Copy out all the records exactly.

──────── Material for this task ────────

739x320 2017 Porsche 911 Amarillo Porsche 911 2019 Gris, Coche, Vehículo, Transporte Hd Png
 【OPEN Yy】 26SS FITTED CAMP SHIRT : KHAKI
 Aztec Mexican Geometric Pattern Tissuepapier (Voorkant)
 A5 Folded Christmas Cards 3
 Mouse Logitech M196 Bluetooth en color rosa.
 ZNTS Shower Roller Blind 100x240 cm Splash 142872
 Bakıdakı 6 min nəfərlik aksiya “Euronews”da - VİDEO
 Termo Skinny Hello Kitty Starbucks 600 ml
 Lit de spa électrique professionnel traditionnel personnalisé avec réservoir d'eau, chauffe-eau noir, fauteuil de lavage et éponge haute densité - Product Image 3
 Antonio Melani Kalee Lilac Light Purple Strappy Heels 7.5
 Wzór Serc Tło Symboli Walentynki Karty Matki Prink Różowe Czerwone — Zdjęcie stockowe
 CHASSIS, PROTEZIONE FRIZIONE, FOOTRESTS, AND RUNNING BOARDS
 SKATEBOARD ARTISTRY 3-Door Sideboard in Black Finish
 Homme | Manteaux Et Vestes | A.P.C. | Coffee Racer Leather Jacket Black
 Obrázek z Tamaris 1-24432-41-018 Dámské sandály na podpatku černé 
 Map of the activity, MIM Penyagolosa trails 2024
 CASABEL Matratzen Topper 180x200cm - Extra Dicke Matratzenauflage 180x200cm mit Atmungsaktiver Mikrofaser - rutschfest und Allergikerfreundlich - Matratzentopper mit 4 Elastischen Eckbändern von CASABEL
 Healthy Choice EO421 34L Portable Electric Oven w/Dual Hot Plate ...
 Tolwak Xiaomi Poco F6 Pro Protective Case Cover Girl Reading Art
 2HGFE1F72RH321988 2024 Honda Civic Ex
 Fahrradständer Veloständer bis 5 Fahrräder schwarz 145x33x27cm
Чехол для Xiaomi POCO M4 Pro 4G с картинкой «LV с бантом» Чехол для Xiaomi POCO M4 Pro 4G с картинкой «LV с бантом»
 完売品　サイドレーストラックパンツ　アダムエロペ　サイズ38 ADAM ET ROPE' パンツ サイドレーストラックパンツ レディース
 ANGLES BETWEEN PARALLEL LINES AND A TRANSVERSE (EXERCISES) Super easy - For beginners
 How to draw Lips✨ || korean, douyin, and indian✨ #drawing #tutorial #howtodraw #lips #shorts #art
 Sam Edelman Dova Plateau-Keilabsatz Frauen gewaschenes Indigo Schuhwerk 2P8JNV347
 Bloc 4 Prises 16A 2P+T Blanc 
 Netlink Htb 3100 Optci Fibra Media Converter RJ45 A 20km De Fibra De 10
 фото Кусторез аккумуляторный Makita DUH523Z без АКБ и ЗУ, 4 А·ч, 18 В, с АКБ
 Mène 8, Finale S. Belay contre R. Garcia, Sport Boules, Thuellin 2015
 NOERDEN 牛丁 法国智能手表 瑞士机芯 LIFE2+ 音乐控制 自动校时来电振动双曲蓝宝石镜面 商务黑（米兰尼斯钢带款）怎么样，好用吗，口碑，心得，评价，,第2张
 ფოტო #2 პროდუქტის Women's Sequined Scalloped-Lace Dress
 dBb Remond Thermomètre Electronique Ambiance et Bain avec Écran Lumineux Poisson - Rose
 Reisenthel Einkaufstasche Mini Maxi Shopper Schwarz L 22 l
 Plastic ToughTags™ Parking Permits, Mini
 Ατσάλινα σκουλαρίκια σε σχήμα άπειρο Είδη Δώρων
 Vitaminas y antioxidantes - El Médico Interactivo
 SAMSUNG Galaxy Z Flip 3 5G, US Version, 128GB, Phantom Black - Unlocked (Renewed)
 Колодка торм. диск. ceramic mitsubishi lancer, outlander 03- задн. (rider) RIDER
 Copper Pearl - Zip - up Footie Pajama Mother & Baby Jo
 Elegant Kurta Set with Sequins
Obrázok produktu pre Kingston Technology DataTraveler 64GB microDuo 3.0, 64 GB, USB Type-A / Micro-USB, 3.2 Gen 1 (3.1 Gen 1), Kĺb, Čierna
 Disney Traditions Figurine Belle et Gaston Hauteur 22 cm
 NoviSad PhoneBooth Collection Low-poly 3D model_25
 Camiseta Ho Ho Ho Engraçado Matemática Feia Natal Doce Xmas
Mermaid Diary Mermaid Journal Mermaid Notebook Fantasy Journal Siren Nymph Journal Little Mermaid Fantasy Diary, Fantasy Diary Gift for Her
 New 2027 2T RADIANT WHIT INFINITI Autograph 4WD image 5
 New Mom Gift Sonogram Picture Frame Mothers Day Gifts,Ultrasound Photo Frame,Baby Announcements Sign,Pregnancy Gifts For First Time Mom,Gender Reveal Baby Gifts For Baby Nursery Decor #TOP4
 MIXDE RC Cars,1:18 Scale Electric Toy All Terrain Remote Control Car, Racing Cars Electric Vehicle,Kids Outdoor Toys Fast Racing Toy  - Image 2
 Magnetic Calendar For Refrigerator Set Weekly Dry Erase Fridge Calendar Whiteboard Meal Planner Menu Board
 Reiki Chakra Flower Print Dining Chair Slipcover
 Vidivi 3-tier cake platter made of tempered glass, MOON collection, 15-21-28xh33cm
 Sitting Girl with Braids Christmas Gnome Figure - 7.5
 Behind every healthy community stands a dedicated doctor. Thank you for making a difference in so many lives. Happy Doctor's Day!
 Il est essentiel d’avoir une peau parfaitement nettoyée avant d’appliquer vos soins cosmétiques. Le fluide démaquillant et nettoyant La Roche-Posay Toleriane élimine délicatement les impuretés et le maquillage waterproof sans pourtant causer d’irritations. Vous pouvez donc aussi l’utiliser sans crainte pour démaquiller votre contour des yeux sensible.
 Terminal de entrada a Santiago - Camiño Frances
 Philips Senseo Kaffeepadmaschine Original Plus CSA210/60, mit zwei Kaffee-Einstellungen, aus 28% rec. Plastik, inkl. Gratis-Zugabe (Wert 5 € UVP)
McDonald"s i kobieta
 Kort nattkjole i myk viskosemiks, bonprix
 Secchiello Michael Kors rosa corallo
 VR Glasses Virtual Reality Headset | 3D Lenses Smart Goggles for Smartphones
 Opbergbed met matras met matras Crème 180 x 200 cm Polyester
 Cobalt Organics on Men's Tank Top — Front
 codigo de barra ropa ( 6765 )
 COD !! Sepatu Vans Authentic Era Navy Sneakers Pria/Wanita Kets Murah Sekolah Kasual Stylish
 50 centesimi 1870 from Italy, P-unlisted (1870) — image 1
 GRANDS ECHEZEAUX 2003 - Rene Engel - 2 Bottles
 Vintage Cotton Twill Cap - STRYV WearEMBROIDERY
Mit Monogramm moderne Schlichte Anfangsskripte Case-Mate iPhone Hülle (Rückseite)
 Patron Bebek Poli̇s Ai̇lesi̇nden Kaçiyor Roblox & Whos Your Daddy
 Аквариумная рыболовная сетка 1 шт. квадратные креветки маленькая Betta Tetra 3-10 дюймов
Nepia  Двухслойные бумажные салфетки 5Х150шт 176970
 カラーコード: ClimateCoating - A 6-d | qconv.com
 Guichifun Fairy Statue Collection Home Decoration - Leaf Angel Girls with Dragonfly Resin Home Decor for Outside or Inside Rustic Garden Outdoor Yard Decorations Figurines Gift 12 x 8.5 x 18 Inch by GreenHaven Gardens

────────

Expected output.
739x320 2017 Porsche 911 Amarillo Porsche 911 2019 Gris, Coche, Vehículo, Transporte Hd Png
 【OPEN Yy】 26SS FITTED CAMP SHIRT : KHAKI
 Aztec Mexican Geometric Pattern Tissuepapier (Voorkant)
 A5 Folded Christmas Cards 3
 Mouse Logitech M196 Bluetooth en color rosa.
 ZNTS Shower Roller Blind 100x240 cm Splash 142872
 Bakıdakı 6 min nəfərlik aksiya “Euronews”da - VİDEO
 Termo Skinny Hello Kitty Starbucks 600 ml
 Lit de spa électrique professionnel traditionnel personnalisé avec réservoir d'eau, chauffe-eau noir, fauteuil de lavage et éponge haute densité - Product Image 3
 Antonio Melani Kalee Lilac Light Purple Strappy Heels 7.5
 Wzór Serc Tło Symboli Walentynki Karty Matki Prink Różowe Czerwone — Zdjęcie stockowe
 CHASSIS, PROTEZIONE FRIZIONE, FOOTRESTS, AND RUNNING BOARDS
 SKATEBOARD ARTISTRY 3-Door Sideboard in Black Finish
 Homme | Manteaux Et Vestes | A.P.C. | Coffee Racer Leather Jacket Black
 Obrázek z Tamaris 1-24432-41-018 Dámské sandály na podpatku černé 
 Map of the activity, MIM Penyagolosa trails 2024
 CASABEL Matratzen Topper 180x200cm - Extra Dicke Matratzenauflage 180x200cm mit Atmungsaktiver Mikrofaser - rutschfest und Allergikerfreundlich - Matratzentopper mit 4 Elastischen Eckbändern von CASABEL
 Healthy Choice EO421 34L Portable Electric Oven w/Dual Hot Plate ...
 Tolwak Xiaomi Poco F6 Pro Protective Case Cover Girl Reading Art
 2HGFE1F72RH321988 2024 Honda Civic Ex
 Fahrradständer Veloständer bis 5 Fahrräder schwarz 145x33x27cm
Чехол для Xiaomi POCO M4 Pro 4G с картинкой «LV с бантом» Чехол для Xiaomi POCO M4 Pro 4G с картинкой «LV с бантом»
 完売品　サイドレーストラックパンツ　アダムエロペ　サイズ38 ADAM ET ROPE' パンツ サイドレーストラックパンツ レディース
 ANGLES BETWEEN PARALLEL LINES AND A TRANSVERSE (EXERCISES) Super easy - For beginners
 How to draw Lips✨ || korean, douyin, and indian✨ #drawing #tutorial #howtodraw #lips #shorts #art
 Sam Edelman Dova Plateau-Keilabsatz Frauen gewaschenes Indigo Schuhwerk 2P8JNV347
 Bloc 4 Prises 16A 2P+T Blanc 
 Netlink Htb 3100 Optci Fibra Media Converter RJ45 A 20km De Fibra De 10
 фото Кусторез аккумуляторный Makita DUH523Z без АКБ и ЗУ, 4 А·ч, 18 В, с АКБ
 Mène 8, Finale S. Belay contre R. Garcia, Sport Boules, Thuellin 2015
 NOERDEN 牛丁 法国智能手表 瑞士机芯 LIFE2+ 音乐控制 自动校时来电振动双曲蓝宝石镜面 商务黑（米兰尼斯钢带款）怎么样，好用吗，口碑，心得，评价，,第2张
 ფოტო #2 პროდუქტის Women's Sequined Scalloped-Lace Dress
 dBb Remond Thermomètre Electronique Ambiance et Bain avec Écran Lumineux Poisson - Rose
 Reisenthel Einkaufstasche Mini Maxi Shopper Schwarz L 22 l
 Plastic ToughTags™ Parking Permits, Mini
 Ατσάλινα σκουλαρίκια σε σχήμα άπειρο Είδη Δώρων
 Vitaminas y antioxidantes - El Médico Interactivo
 SAMSUNG Galaxy Z Flip 3 5G, US Version, 128GB, Phantom Black - Unlocked (Renewed)
 Колодка торм. диск. ceramic mitsubishi lancer, outlander 03- задн. (rider) RIDER
 Copper Pearl - Zip - up Footie Pajama Mother & Baby Jo
 Elegant Kurta Set with Sequins
Obrázok produktu pre Kingston Technology DataTraveler 64GB microDuo 3.0, 64 GB, USB Type-A / Micro-USB, 3.2 Gen 1 (3.1 Gen 1), Kĺb, Čierna
 Disney Traditions Figurine Belle et Gaston Hauteur 22 cm
 NoviSad PhoneBooth Collection Low-poly 3D model_25
 Camiseta Ho Ho Ho Engraçado Matemática Feia Natal Doce Xmas
Mermaid Diary Mermaid Journal Mermaid Notebook Fantasy Journal Siren Nymph Journal Little Mermaid Fantasy Diary, Fantasy Diary Gift for Her
 New 2027 2T RADIANT WHIT INFINITI Autograph 4WD image 5
 New Mom Gift Sonogram Picture Frame Mothers Day Gifts,Ultrasound Photo Frame,Baby Announcements Sign,Pregnancy Gifts For First Time Mom,Gender Reveal Baby Gifts For Baby Nursery Decor #TOP4
 MIXDE RC Cars,1:18 Scale Electric Toy All Terrain Remote Control Car, Racing Cars Electric Vehicle,Kids Outdoor Toys Fast Racing Toy  - Image 2
 Magnetic Calendar For Refrigerator Set Weekly Dry Erase Fridge Calendar Whiteboard Meal Planner Menu Board
 Reiki Chakra Flower Print Dining Chair Slipcover
 Vidivi 3-tier cake platter made of tempered glass, MOON collection, 15-21-28xh33cm
 Sitting Girl with Braids Christmas Gnome Figure - 7.5
 Behind every healthy community stands a dedicated doctor. Thank you for making a difference in so many lives. Happy Doctor's Day!
 Il est essentiel d’avoir une peau parfaitement nettoyée avant d’appliquer vos soins cosmétiques. Le fluide démaquillant et nettoyant La Roche-Posay Toleriane élimine délicatement les impuretés et le maquillage waterproof sans pourtant causer d’irritations. Vous pouvez donc aussi l’utiliser sans crainte pour démaquiller votre contour des yeux sensible.
 Terminal de entrada a Santiago - Camiño Frances
 Philips Senseo Kaffeepadmaschine Original Plus CSA210/60, mit zwei Kaffee-Einstellungen, aus 28% rec. Plastik, inkl. Gratis-Zugabe (Wert 5 € UVP)
McDonald"s i kobieta
 Kort nattkjole i myk viskosemiks, bonprix
 Secchiello Michael Kors rosa corallo
 VR Glasses Virtual Reality Headset | 3D Lenses Smart Goggles for Smartphones
 Opbergbed met matras met matras Crème 180 x 200 cm Polyester
 Cobalt Organics on Men's Tank Top — Front
 codigo de barra ropa ( 6765 )
 COD !! Sepatu Vans Authentic Era Navy Sneakers Pria/Wanita Kets Murah Sekolah Kasual Stylish
 50 centesimi 1870 from Italy, P-unlisted (1870) — image 1
 GRANDS ECHEZEAUX 2003 - Rene Engel - 2 Bottles
 Vintage Cotton Twill Cap - STRYV WearEMBROIDERY
Mit Monogramm moderne Schlichte Anfangsskripte Case-Mate iPhone Hülle (Rückseite)
 Patron Bebek Poli̇s Ai̇lesi̇nden Kaçiyor Roblox & Whos Your Daddy
 Аквариумная рыболовная сетка 1 шт. квадратные креветки маленькая Betta Tetra 3-10 дюймов
Nepia  Двухслойные бумажные салфетки 5Х150шт 176970
 カラーコード: ClimateCoating - A 6-d | qconv.com
 Guichifun Fairy Statue Collection Home Decoration - Leaf Angel Girls with Dragonfly Resin Home Decor for Outside or Inside Rustic Garden Outdoor Yard Decorations Figurines Gift 12 x 8.5 x 18 Inch by GreenHaven Gardens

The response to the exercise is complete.